When the terms and conditions of equity-settled share-based payments at the time they were granted are subsequently modified, the fair value of the share-based payment under the original terms and conditions and under the modified terms and conditions are both determined at the date of the modification.  Any excess of the modified fair value over the original fair value is recognised over the remaining vesting period in addition to the grant date fair value of the original share-based payment.  The share-based payment expense is not adjusted if the modified fair value is less than the original fair value.

 

Cancellations or settlements (including those resulting from employee redundancies) are treated as an acceleration of vesting and the amount that would have been recognised over the remaining vesting period is recognised immediately.

 

 

 

 

1.9

Leases

 

 

All leases are accounted for by recognising a right-of-use asset and a lease liability except for:

· Leases of low value assets; and

· Leases with a duration of 12 months or less.

 

Lease liabilities are measured at the present value of the contractual payments due to the lessor over the lease term, with the discount rate determined by reference to the rate inherent in the lease unless (as is typically the case) this is not readily determinable, in which case the Group's incremental borrowing rate on commencement of the lease is used. Variable lease payments are only included in the measurement of the lease liability if they depend on an index or rate. In such cases, the initial measurement of the lease liability assumes the variable element will remain unchanged throughout the lease term. Other variable lease payments are expensed in the period to which they relate.

 

 

 

 

 

1.10

Foreign exchange

 

 

Assets and liabilities in foreign currencies are translated into sterling at the rates of exchange ruling at the statement of financial position date. Transactions in foreign currencies are translated into sterling at the rate of exchange ruling at the date of transaction. Exchange differences are taken into account in arriving at the operating result.

 

 

1

Accounting policies

 

 

 

 

1.11

Reserves

 

 

 

 

Share capital

Share capital represents the nominal value of shares issued less the nominal value of shares repurchased and cancelled.

 

Share Premium

This reserve represents the difference between the issue price and the nominal value of shares at the date of issue, net of related issue costs and share premium cancelled.

 

Retained Earnings

Net revenue profits and losses of the Group which are revenue in nature are dealt with in this reserve.

 

Other reserves

Other reserves relate to the nominal value of share capital repurchased and cancelled.

 

 

 

 

 

 

2

Adoption of new and revised standards and changes in accounting policies

 

 

 

 

The accounting policies adopted in the preparation of the interim condensed consolidated financial statements are consistent with those followed in the preparation of the Group's annual consolidated financial statements for the year ended 31 December 2019, except for the adoption of new standards effective as of 1 January 2020. The Group has not early adopted any standard, interpretation or amendment that has been issued but is not yet effective.

 

Several amendments and interpretations apply for the first time in 2020, but do not have an impact on the interim financial statements of the Group.

 

 

 

 

 

Amendments to IFRS 3: Definition of a Business

The amendment to IFRS 3 clarifies that to be considered a business, an integrated set of activities and assets must include, at a minimum, an input and a substantive process that together significantly contribute to the ability to create output.

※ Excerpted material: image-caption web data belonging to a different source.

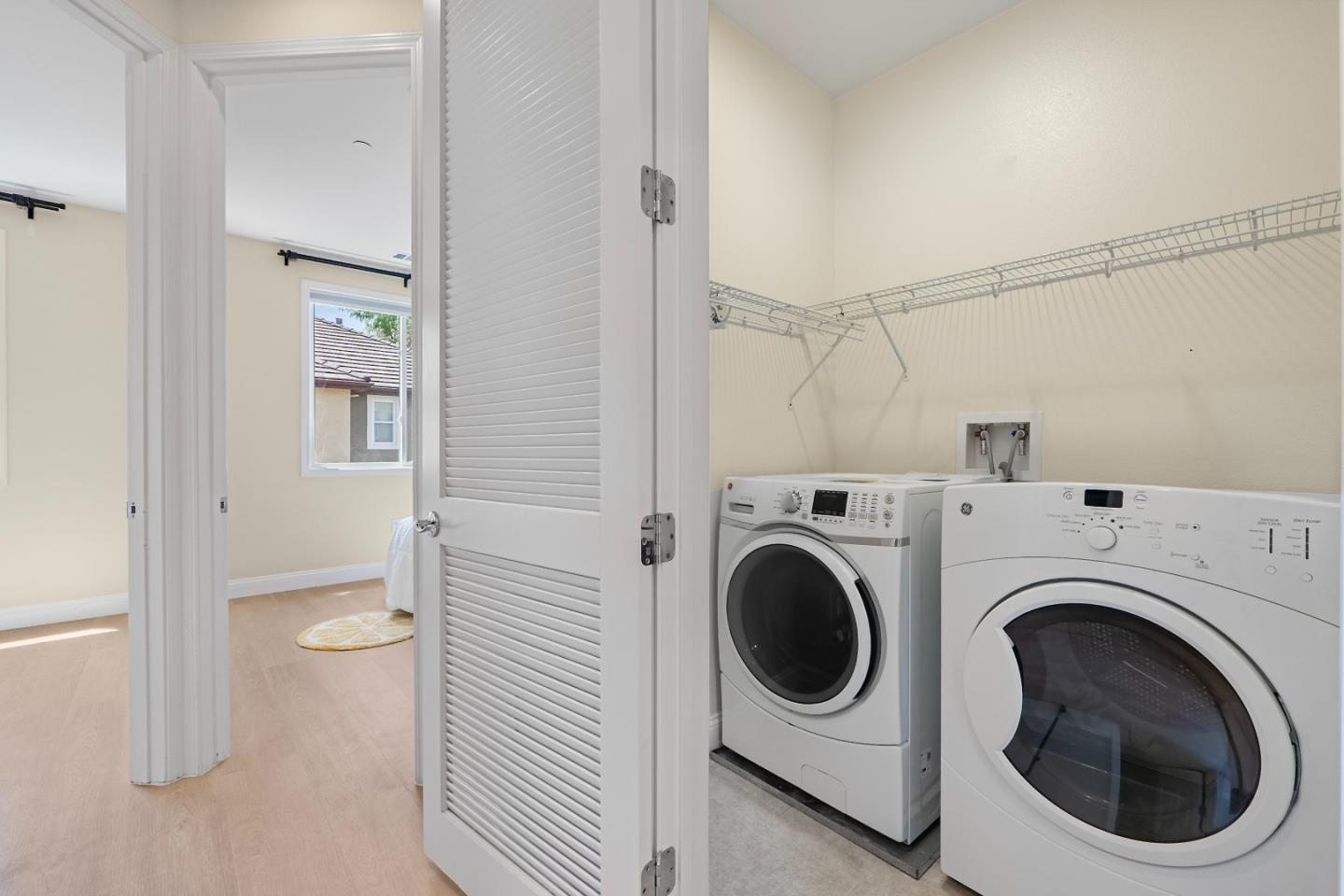 Detail Gallery Image 31 of 51 For 1180 Glin Ter, Sunnyvale,  CA 94089 - 3 Beds | 2/1 Baths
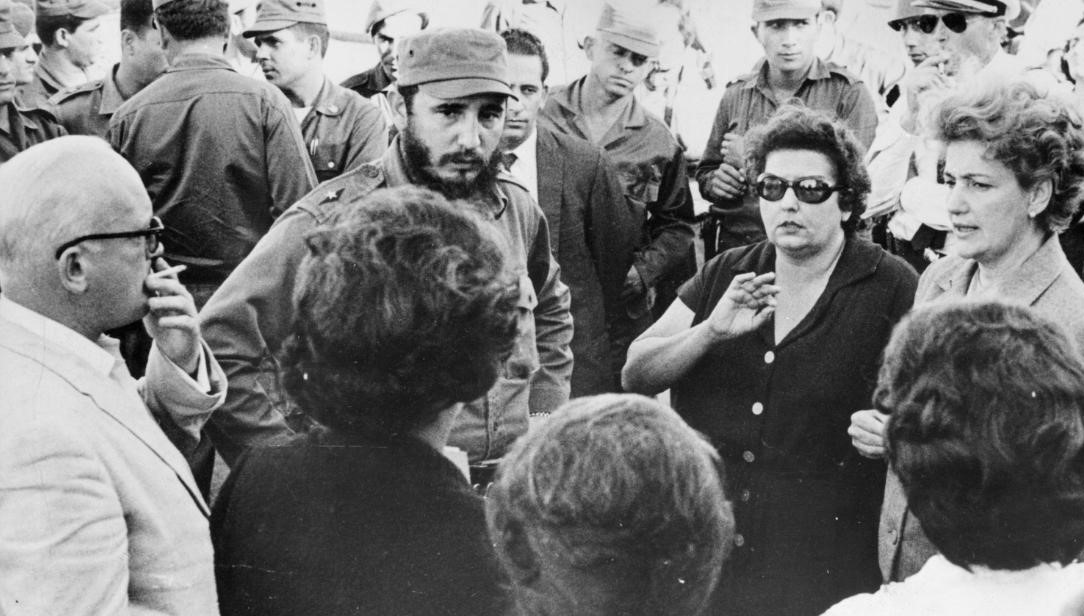 Fidel Castro conversa com pais de presos americanos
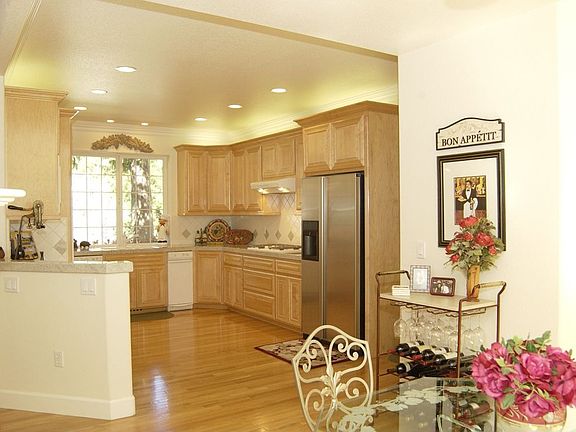 spacious ktichen with granite/tile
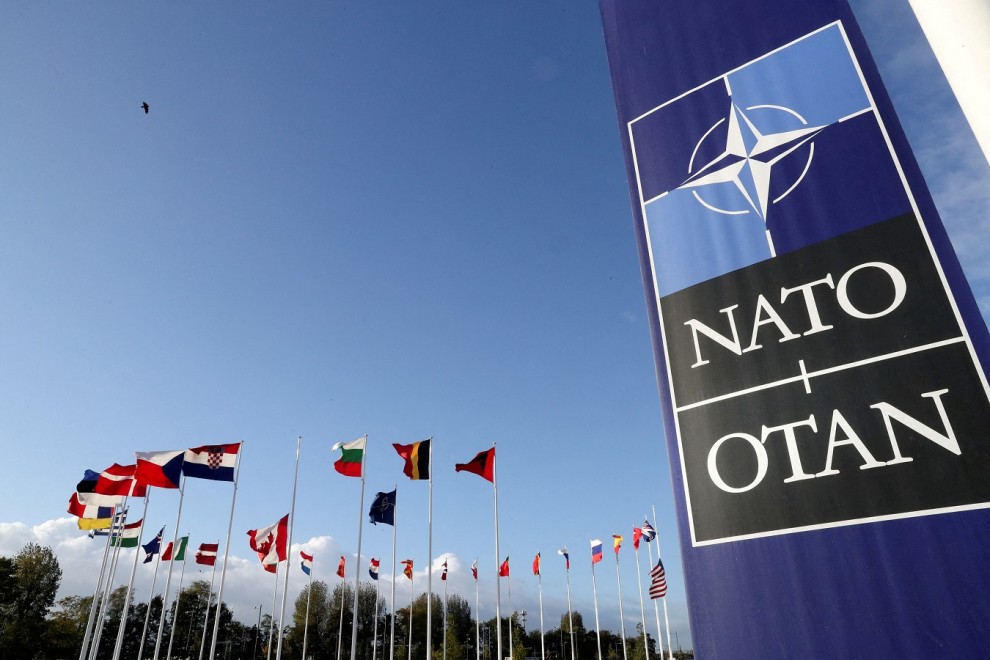 El logo de la OTAN (NATO, en sus siglas en inglés) y las banderas de los países miembros de la alianza, en el exterior de su sede en Bruselas. REUTERS/Pascal Rossignol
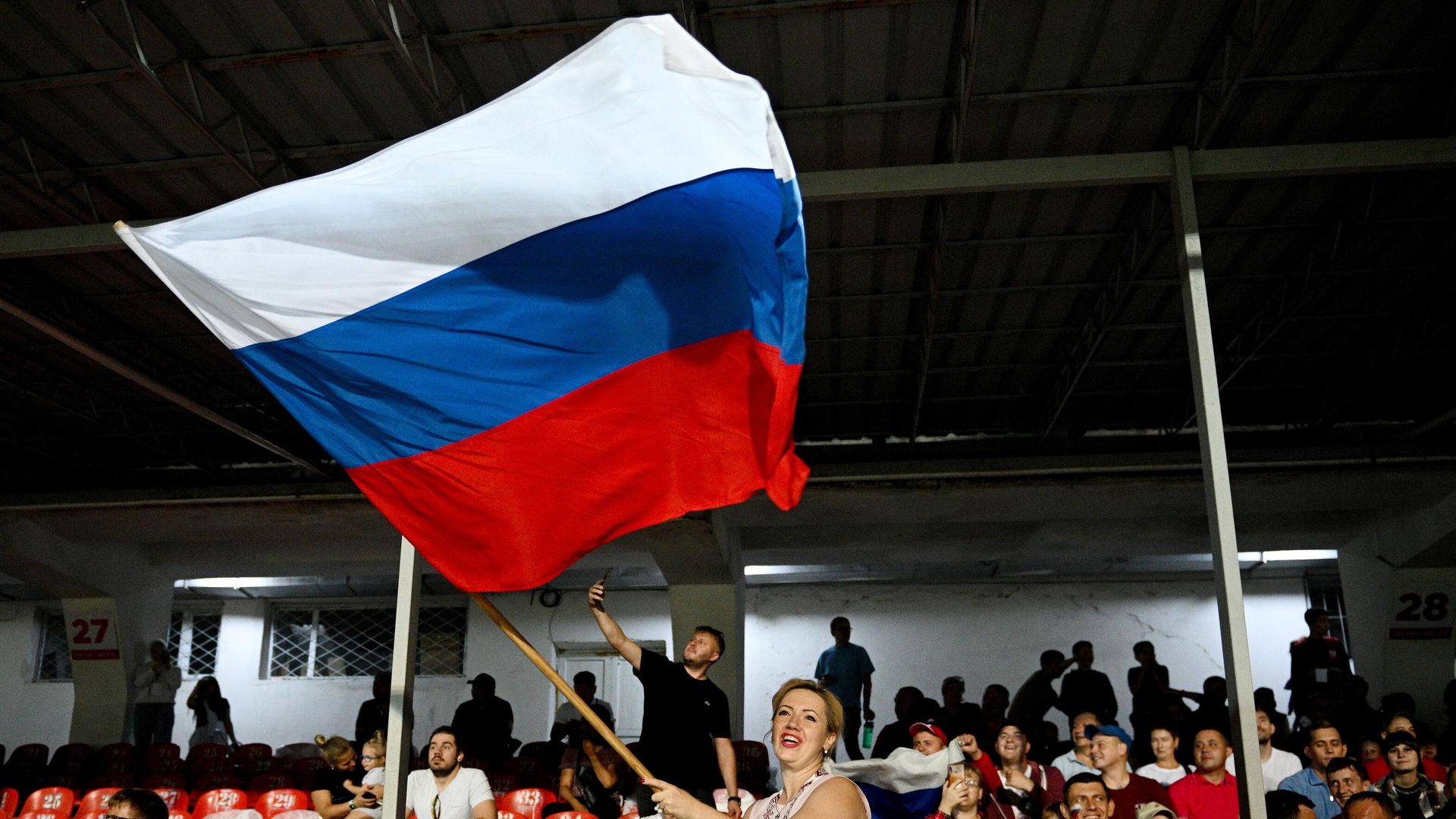 Болельщики сборной России во время товарищеского матча по футболу между сборными Киргизии и России. Болельщики сборной России во время товарищеского матча по футболу между сборными Киргизии и России. - РИА Новости, 1920, 29.10.2022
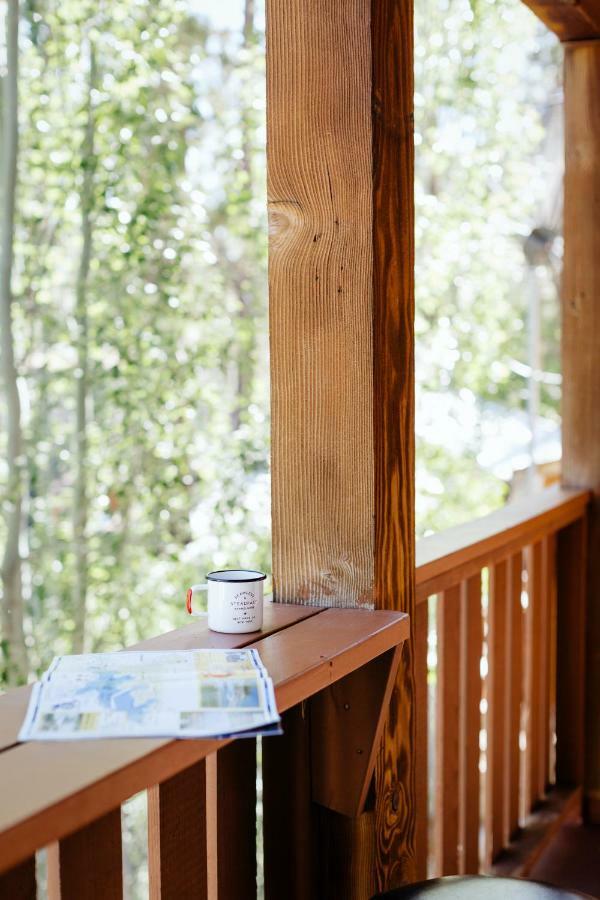Honey Bear Lodge & Cabins Big Bear Lake Bilik gambar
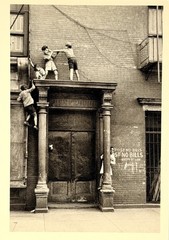 Helen Levitt Art Photo Print Card – New York, 1942 – Fotofolio 4.25”x6”
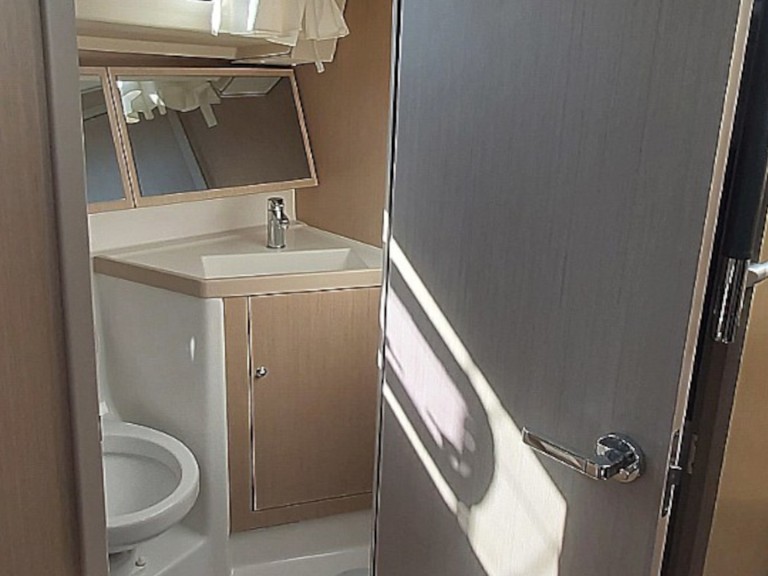 Yacht hire Lefkáda cheap Oceanis 41.1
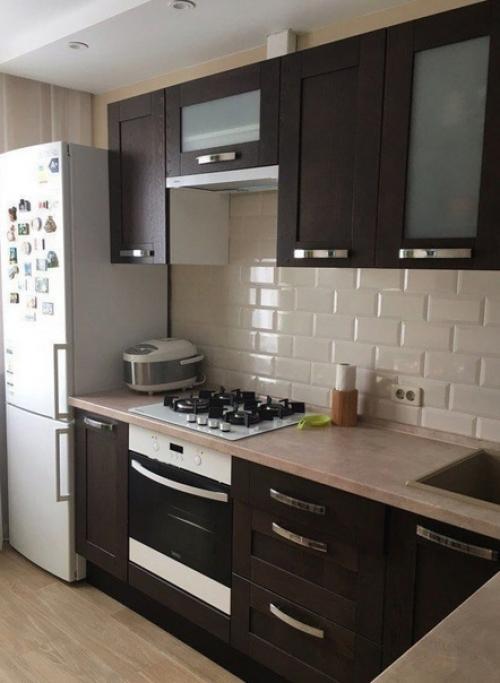 Прекрасный вариант ремонта небольшой кухни с ограниченным бюджетом. 02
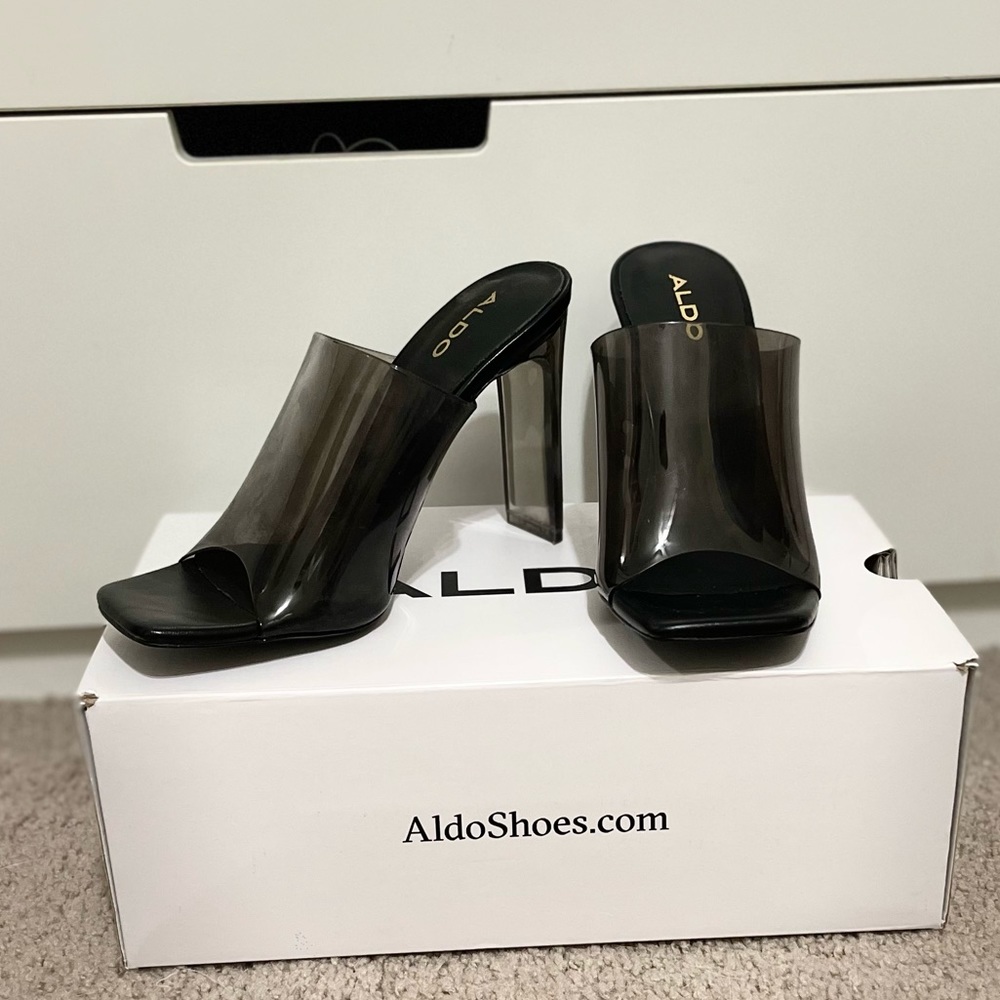 ALDO - Ybendaviel
High heel sandal (Size 6.5) *worn twice / great condition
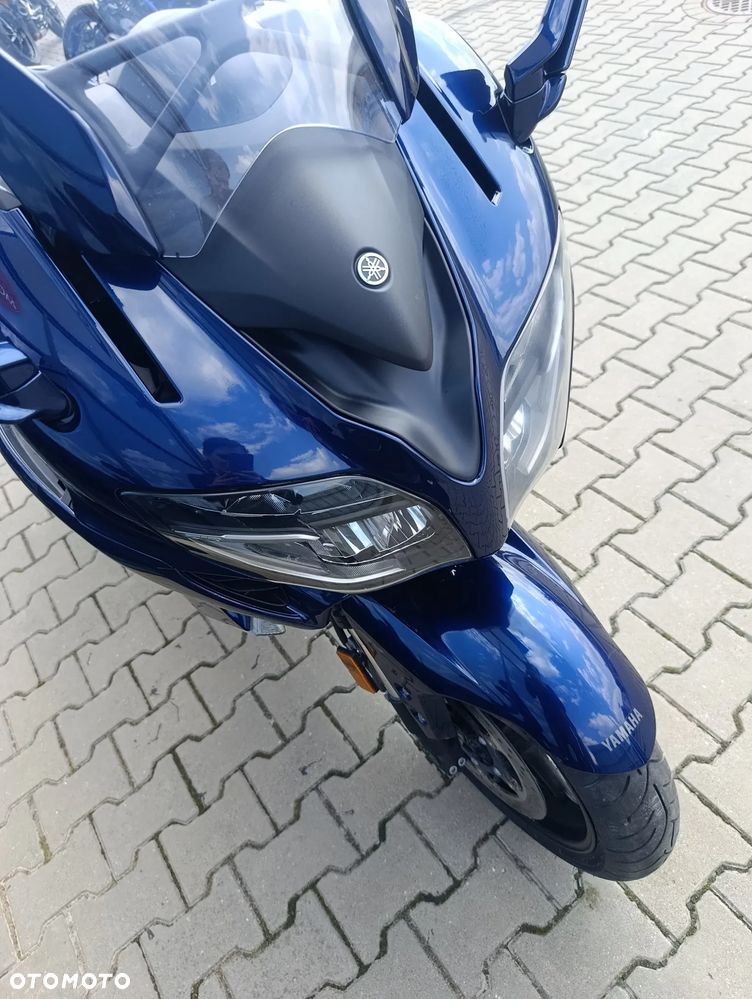 Yamaha FJR - 6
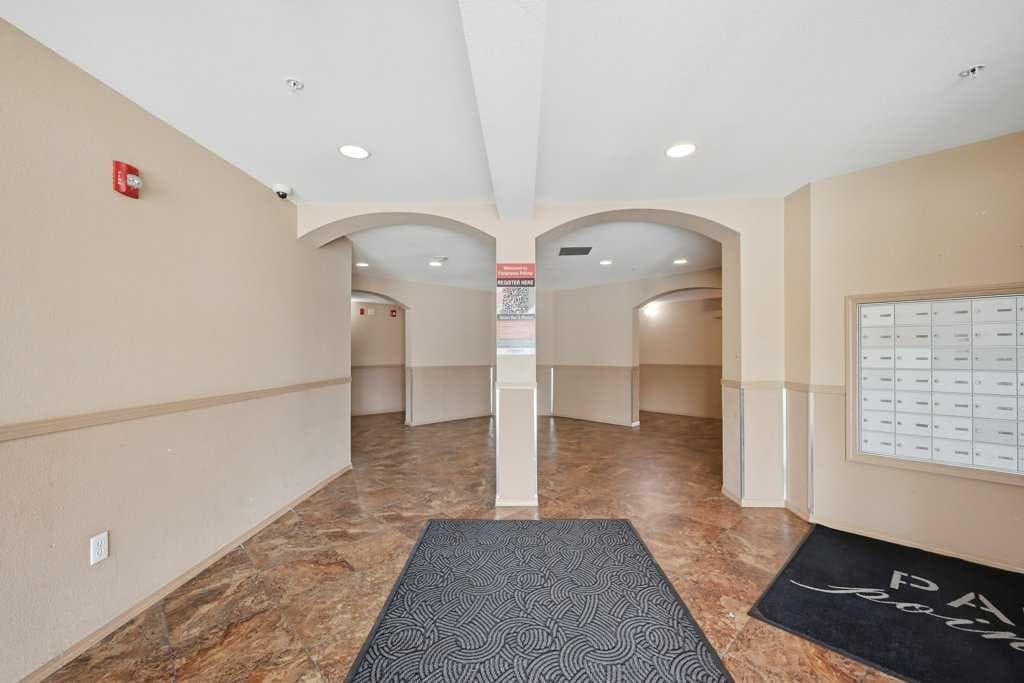 4212, 60 Panatella Street NW — photo 5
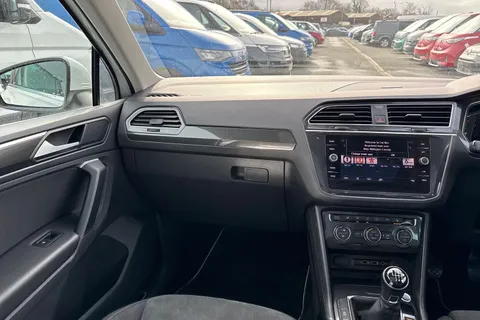 CY68EYM Volkswagen Tiguan 2.0 TDi 150 SEL 5dr ⭐Keyless entry, 1 Year VW Warranty⭐ Thumbnail #21
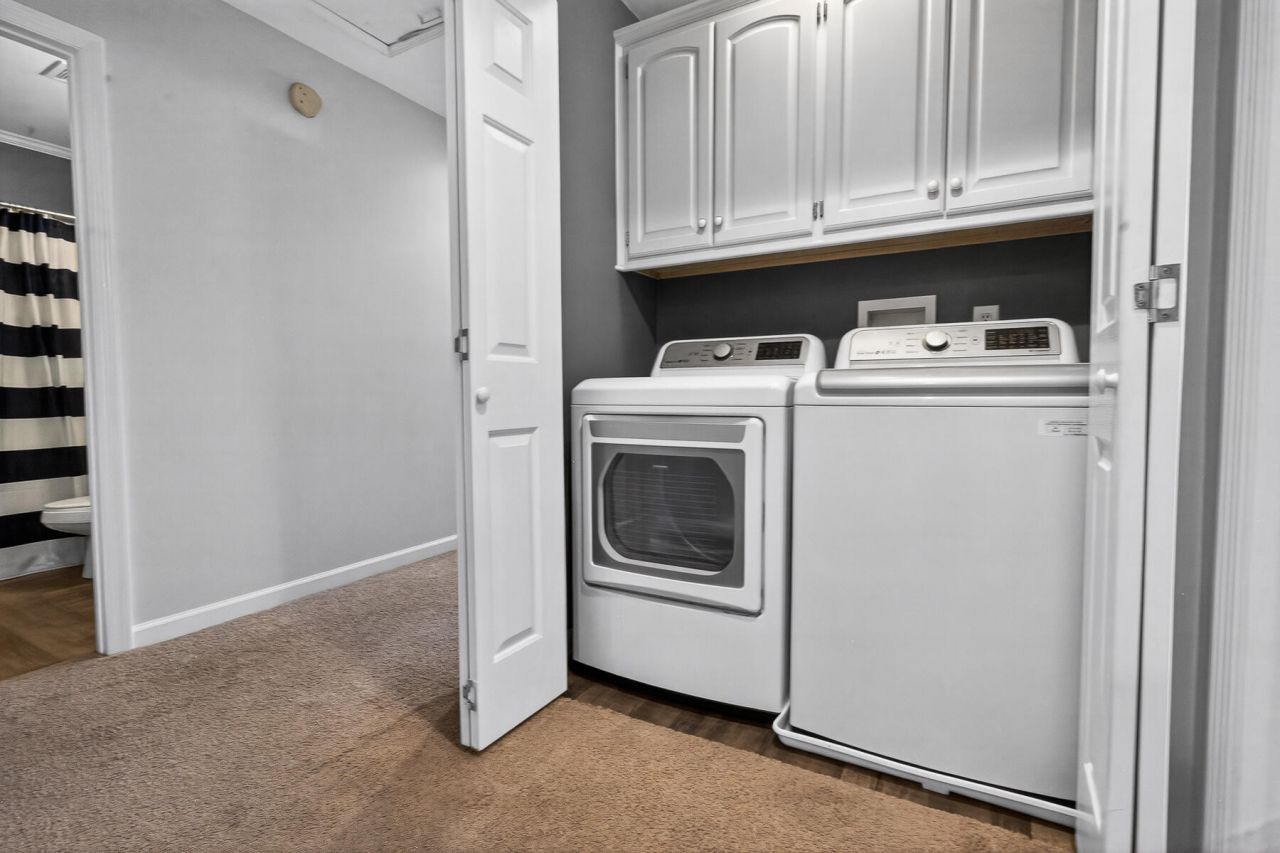 334 Camelot Drive Photo 42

Furthermore, it clarified that a business can exist without including all of the inputs and processes needed to create outputs. These amendments had no impact on the consolidated financial statements of the Group, but may impact future periods should the Group enter into any business combinations.

 

 

 

 

 

Amendments to IFRS 7, IFRS 9 and IAS 39: Interest Rate Benchmark Reform

The amendments to IFRS 9 and IAS 39 Financial Instruments: Recognition and Measurement provide a number of reliefs, which apply to all hedging relationships that are directly affected by interest rate benchmark reform. A hedging relationship is affected if the reform gives rise to uncertainties about the timing and or amount of benchmark-based cash flows of the hedged item or the hedging instrument. These amendments had no impact on the consolidated financial statements of the Group as it does not have any interest rate hedge relationships.

 

 

 

 

 

Amendments to IAS 1 and IAS 8: Definition of Material

The amendments provide a new definition of material that states "information is material if omitting, misstating or obscuring it could reasonably be expected to influence decisions that the primary users of general purpose financial statements make on the basis of those financial statements, which provide financial information about a specific reporting entity."

 

The amendments clarify that materiality will depend on the nature or magnitude of information, either individually or in combination with other information, in the context of the financial statements. A misstatement of information is material if it could reasonably be expected to influence decisions made by the primary users. These amendments had no impact on the consolidated financial statements of, nor is there expected to be any future impact to the Group.

 

 

2

Adoption of new and revised standards and changes in accounting policies

 

 

 

 

Conceptual Framework for Financial Reporting issued on 29 March 2018

The Conceptual Framework is not a standard, and none of the concepts contained therein override the concepts or requirements in any standard. The purpose of the Conceptual Framework is to assist the IASB in developing standards, to help preparers develop consistent accounting policies where there is no applicable standard in place and to assist all parties to understand and interpret the standards.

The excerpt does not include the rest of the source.